Over four decades, MOSIS delivered more than 60,000 integrated circuit designs and generated up to $10 million annually at its peak. Now, its successor, MOSIS 2.0, is advancing this legacy to address the next-generation of chip innovation.

Building on a legacy

The USC-led California DREAMS (CA DREAMS) initiative began reinventing MOSIS in late 2023. MOSIS 2.0 not only continues offering MPW services but also expands to a second core focus: prototyping compound semiconductors. These emerging materials outperform traditional silicon-based chips at high frequencies and power applications, making them critical for next-generation technologies.

The new capability is made possible by CA DREAMS’ network of partners, including seven university nanofabrication labs and three defense industrial base (DIB) fabrication facilities across Southern California. “The advantage here is the geographic proximity of different facilities,” MOSIS 2.0 Co-Director Rehan Kapadia said. 

Whereas the original MOSIS shared wafers, MOSIS 2.0 shares processes, equipment, and expertise.
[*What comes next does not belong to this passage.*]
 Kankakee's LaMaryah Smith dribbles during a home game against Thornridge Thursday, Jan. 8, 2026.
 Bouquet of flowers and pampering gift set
If a tool fails at one site, another can step in. Process knowledge is also easily shared across the network, reducing barriers to innovation and enabling faster development of complex technologies.

Bridging Research and Production

The transition from “lab-to-fab”—moving experimental research into large-scale, reliable production—is a major challenge in chip making. For compound semiconductors, this process is particularly difficult due to the lack of standardized manufacturing methods and the need for specialized tools.

“There’s a lot of R&D done in universities on new devices and materials to make analog chips,” MOSIS 2.0 Director Mike Haney said. “But this process has been hindered because there was no mechanism for university labs to readily work with full fabs.” 

This is where MOSIS 2.0 offers solutions. In its first year, the team has streamlined the lab-to-fab transition through several efforts. First is the standardization of processes across partnerships, ensuring seamless project handoffs without delays or rework.

The service is also pioneering a digital transformation among its university nanofabs, which often lack the precision required for scaling innovations. By introducing AI tools, including industrial-grade data analytics and machine learning software, MOSIS 2.0 enhances equipment monitoring and process optimization. These tools detect issues in real time and help refine workflows.

Kapadia explained that using AI-enabled monitoring could halve the time required to develop new process flows. "This is unique," he said. "We're creating a combination of physical and digital infrastructure that will truly be able to accelerate not only early stage semiconductor prototyping, but also how that is transitioned to low-volume, mid-volume, and, ultimately, high-volume production."

Administrative efficiency

Another way MOSIS 2.0 streamlines collaboration is by uniting multiple institutions under a single administrative framework. This approach could eliminate months of setup time for technical projects.

For example, when hub partner Northrop Grumman, a leading global and aerospace defense technology company, needed to test a new chip patterning process, they connected with USC's nanofabrication lab through MOSIS 2.0's pre-established channels. What would normally require months of legal agreements and process setup was completed in two weeks. 

“It was just amazing to see the speed of this little project,” said Augusto Gutierrez-Aitken, a fellow at Northrop Grumman. “The big difference here is that California DREAMS has already established all that collaboration infrastructure to begin with.”

Open for business

With its operations model in place, MOSIS 2.0 began accepting external customers in summer 2024 and launched its storefront in October. The program serves Department of Defense, academic, and industry clients, tailoring its service to their needs. 

When a customer submits their project requirements, they are matched with a dedicated MOSIS 2.0 engineer to guide them through the development process. Simple fabrication runs follow a streamlined path, while complex prototyping projects receive customized support from experts within MOSIS 2.0 and its partner institutions.

Each project also contributes to a growing knowledge base, capturing intellectual property and process innovations that can be reused for future designs. "Instead of having to reinvent the wheel, customers can use something that already exists," Kapadia said.

In 2025, MOSIS 2.0 plans to scale up both its business and capabilities. The goal is ambitious: achieve self-sustainability within the next few years and generate $20 million in annual revenue. “​​We have a superb team, combined with the extensive resources within our nanofabs and fabs,” Haney said. “If we can’t do it, nobody can.”